How Bush Failed the Sago 13
by Scott Shields, Tue Jan 03, 2006 at 04:49:12 AM EST
Undoubtedly, some will criticize me for placing blame on President Bush here. The defense will be that Bush didn't cause the explosion that collapsed the mine. My response will be that he didn't do anything to prevent it. In fact, if anything, the actions of his administration made the situation worse.
A New York Times article dated August 9, 2004 detailed the Bush administration's close relationship with the coal mining industry. While the piece largely focused on environmental issues, it still makes it clear that administration's concern for the health and safety of coal miners took a back seat to their concern for the bank accounts of their allies at the mining companies.In 1997, as a top executive of a Utah mining company, David Lauriski proposed a measure that could allow some operators to let coal-dust levels rise substantially in mines. The plan went nowhere in the government.
Last year, it found enthusiastic backing from one government official - Mr. Lauriski himself. Now head of the Mine Safety and Health Administration, he revived the proposal despite objections by union officials and health experts that it could put miners at greater risk of black-lung disease....
Safety and environmental regulations often shift with control of the White House, but the Bush administration's approach to coal mining has been a particularly potent example of the blend of politics and policy.
In addition to Mr. Lauriski, who spent 30 years in the coal industry, Mr. Bush tapped a handful of other industry executives and lobbyists to help oversee safety and environmental regulations.
In all, the mine safety agency has rescinded more than a half-dozen proposals intended to make coal miners' jobs safer, including steps to limit miners' exposure to toxic chemicals. One rule pushed by the agency would make it easier for companies to use diesel generators underground, which miners say could increase the risk of fire.
In an interview, Mr. Lauriski said that the proposals that were canceled were unnecessary. He said the agency had instead concentrated on other measures "we believed were important to pursue."...
Over the last six years, coal companies have donated $9 million to federal political candidates and party organizations, and 90 percent has gone to Republicans, according to the Center for Responsive Politics.
More to the point, one of the "unnecessary" proposals canceled by the mining executive Bush appointed to head the MSHA was a Clinton-era rule titled "Escapeways and Refuges." It dealt specifically with "methane ignition" and "entrapment deaths."(Emphasis mine.)"This standard would revise and clarify an existing standard that requires underground metal and nonmetal mines to have at least two separate exits to the surface. Because of the physical limits in underground mines, fire, massive ground fall, methane ignition, inundation, for example, could result in multiple entrapment deaths. A second escapeway increases the likelihood that miners will not be trapped underground during an emergency if one escape route is cut off."
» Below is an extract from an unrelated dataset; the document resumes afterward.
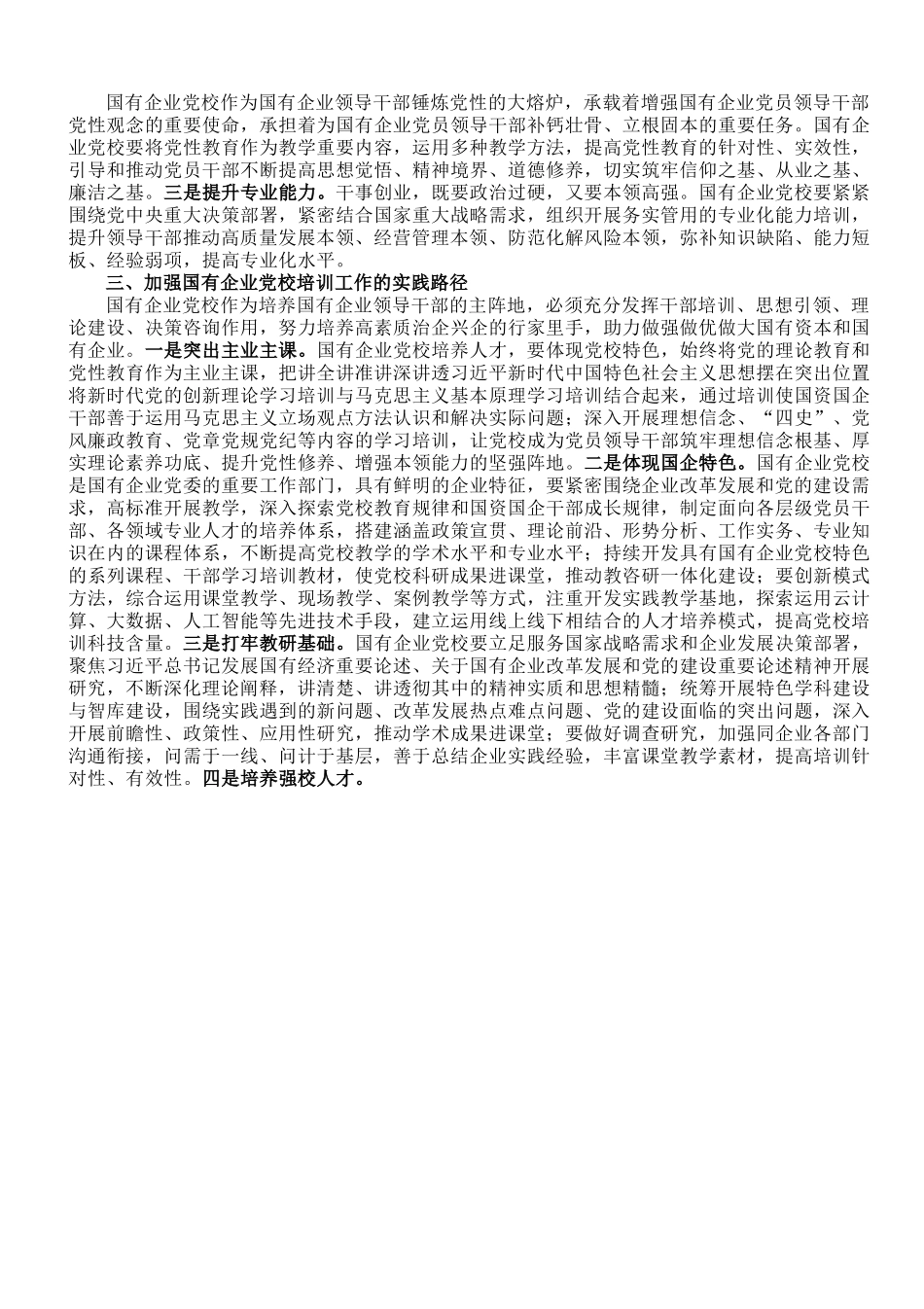 在2023年国企党校工作会议上的讲话.doc_第2页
In December of 2001, under the leadership of Lauriski, it was withdrawn from the agenda due to "changing safety and health regulatory priorities." In other words, increased regulation of the mining industry was seen as a roadblock to increased profits.
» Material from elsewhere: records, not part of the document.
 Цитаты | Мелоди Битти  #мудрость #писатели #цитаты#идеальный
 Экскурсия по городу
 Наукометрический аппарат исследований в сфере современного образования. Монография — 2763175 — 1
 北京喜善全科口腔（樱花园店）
This morning, it's come to the media's attention that the Sago Mine "was cited 208 times for alleged safety violations in 2005." The Labor Department has said that a whopping 96 of those citations were "significant and substantial." In fact, some of them may have been directly related to the situation at hand.
As the AFL-CIO points out in their analysis of the 2006 budget, the President continues to underfund the MSHA, effectively freezing their enforcement budget. International Coal Group, the owners of the Sago Mine, claim they would have closed the mine if it had been deemed unsafe. Obviously, with 208 citations, 96 of them "significant and substantial," it was deemed unsafe. But MSHA has no teeth and they know it, so they had nothing to fear in keeping it open.
I hope like hell those guys get out alive. I'm praying that they do. But things are not looking good right now. No matter what happens, when all is said and done, one thing is certain. The President's unwillingness to do what's right in the face of incoming checks from mining executives has made coal miners in less safe, whether they're in Pennsylvania, Montana, or in Tallmansville, West Virginia.
UPDATE: Welcome Cornerites and Malkin readers. If you've gotten this far, you likely know that this piece most certainly does not blame Bush for the Sago Mine disaster. Now ask yourselves why the conservative pundits want you think that's what I was writing. Here's a clue: Bush's indefensible fealty to corporate power undercuts the health and safety of workers at every level of the economy. Corporations understandably want to save money any way they can. Sometimes government has to step in to remind them that there are some corners that just should not be cut. And that's what offends the punditocracy so much -- God forbid you should actually see this issue from the side of the workers.
UPDATE II:The New York Times is reporting that 12 of the 13 miners have been found alive and are being taken to nearby hospitals. This follows an earlier report that one of the miners' bodies had been found, so it is incredibly good news. My heart goes out to the family of the miner who did not make it.
UPDATE III: Sadly, the stories about all but one of the miners making it out alive were inaccurate. Twelve of the thirteen were in fact killed in the accident. If there's any silver lining to this truly horrible story, it's that at least one of them -- Randal McCloy, a young father of two -- has survived, even though he's in critical condition.